Seminars

I will describe our work developing CAM-­SE, a highly scalable version of the Community Atmosphere Model (CAM) running with the spectral element dynamical core from the High-Order Method Modeling Environment (HOMME). For global 1/4 and 1/8 degree resolutions CAM-­SE runs efficiently on hundreds of thousands of processors on modern supercomputers and obtains excellent simulation throughput. CAM-SE also supports fully unstructured conforming quadrilateral grids. We are using this capability to perform simulations with 1/8 degree resolution over the central U.S., transitioning to 1 degree over most of the globe. This is a numerically efficient way to study the resolution sensitivity of CAM's many subgrid parameterizations and is now being used in several projects developing "scale aware" parameterizations.  

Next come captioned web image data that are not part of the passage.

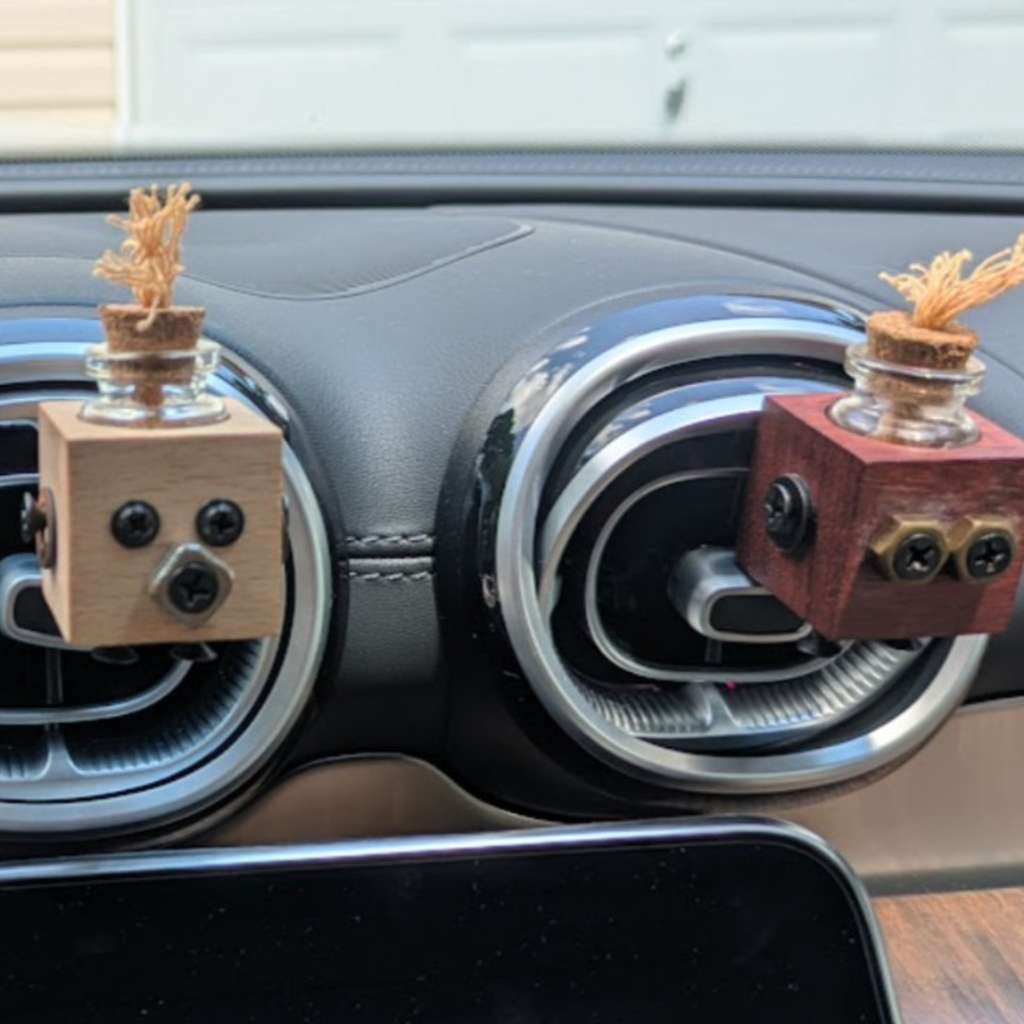 Wooden Steampunk Robot Car Essential Oils Diffuser | Car Accessory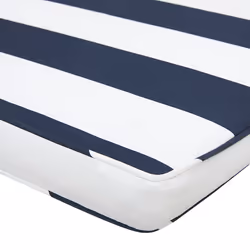 Bench Seat Pad Cushion VIVARA 152 x 54 cm Navy Blue - Additional view 4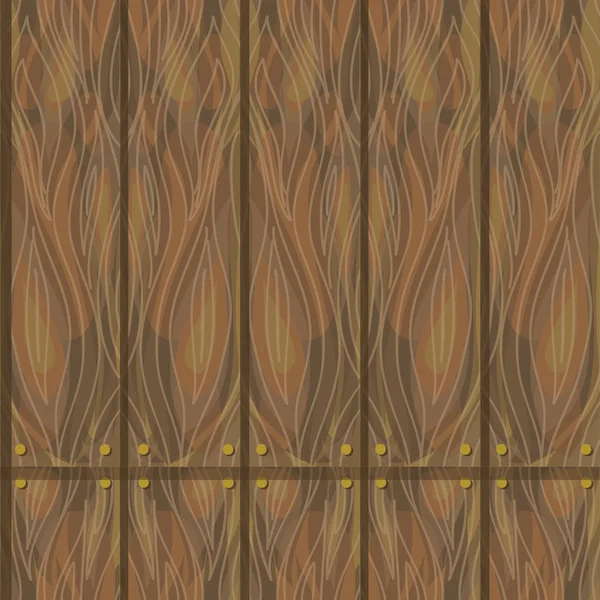 Textura de ilustración de pared de madera — Vector de stock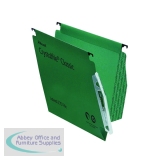 Rexel CrystalFile Classic 15mm Lateral File Manilla 150 Sheet Green (50 Pack) 78652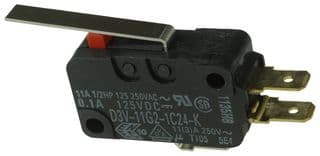 D3V-11G2-1C24-K - OMRON ELECTRONIC COMPONENTS - D3V-11G2-1C24-K - MICROSWITCH, HINGE LEVER, SPDT 11A 250V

CAM-­SE uses quadrilateral elements and tensor-­product Gauss-­Lobattoquadrature. Its fundamental computational kernels look like dense matrix-vector products which map well to upcoming computer architectures. It solves the hydrostatic equations with a spectral element horizontal descritization and the hybrid coordinate Simmons & Burridge (1981) vertical discretization.  It uses a mimetic formulation of spectral elements which preserves the adjoint and annihilator properties of the divergence, gradient and curl operations. These mimetic properties result in local conservation (to machine precision) of mass, tracer mass and (2D) potential vorticity, and semi-­discrete conservation (exact with exact time-‐discretization) of total energy.  Hyper-viscsoityis used for all numerical dissipation.